Another inadequate view of God, modalism, is the basic belief that God is one in both nature and person. Thus, the Father, the Son, and the Holy Spirit are not believed to be distinct from one another. One early form of modalism (called Sabellianism and popularized by the third- century theologian, Sabellius) taught that the one God first revealed Himself as Father in creation and in His relationship to Israel. He then revealed Himself as the Son during the life of Jesus Christ for the purpose of redemption. Finally, after Jesus’ ascent to heaven, He reveals Himself as the Holy Spirit in the life of the church.
According to Sabellius, God is Father, Son, and Holy Spirit successively but not simultaneously. Modalism can also refer to the belief that God presently manifests Himself to us sometimes as Father, sometimes as Son, and sometimes as Holy Spirit. All forms of modalism maintain that there are no real personal distinctions between Father, Son, and Holy Spirit.

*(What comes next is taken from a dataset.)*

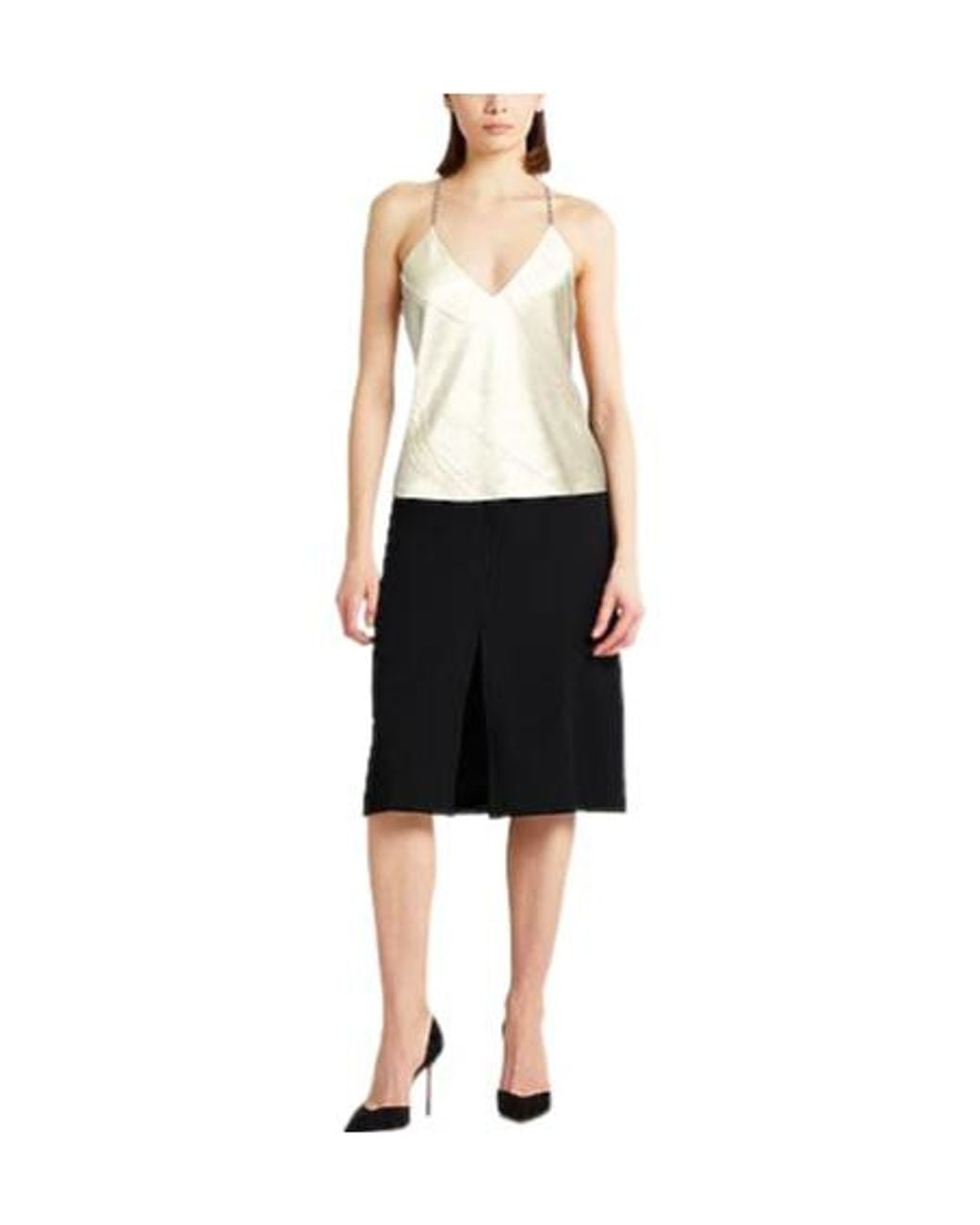Sportmax White Satin Sleeveless Top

Some movements today still embrace various forms of modalism. Oneness Pentecostals and all forms of Unitarianism are modalistic in their theology. Further, some Christians who consciously affirm orthodox Christian belief systems might inadvertently hold to a kind of modalism if not instructed concerning the Bible’s teaching about the triune identity of God.

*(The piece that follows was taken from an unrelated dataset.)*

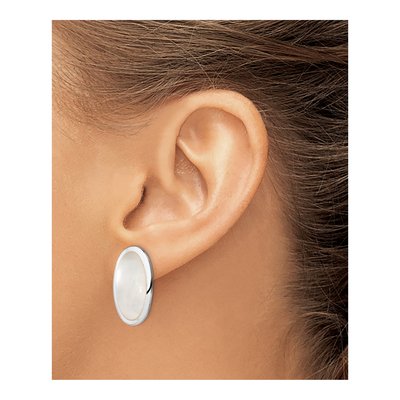 Sterling Silver Oval Mother of Pearl Non-Pierced Stud Earrings – view 3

Tri-theism refers to the belief that the Father, the Son, and the Holy Spirit are each equal as God, though not one in being. In other words, three separate beings are God. Thus, there are three separate beings are God. Thus, there are three Gods. This, of course, denies the clear biblical teaching that there is only one true and living God (Deut 6:4; Rom 3:30). The charge of tri-theism is often leveled against Christians by the strictly monotheistic Jews and Muslims. Early Christians sought to avoid this charge by teaching that God is one in substance or essence (Gk, ousia) and three in person (Gk hypostasis). Today contemporary theologians engaging in the articulation of Trinitarian theology must be careful to articulate the oneness of God in a way that faithfully maintains the fundamental biblical truth that God truly is one.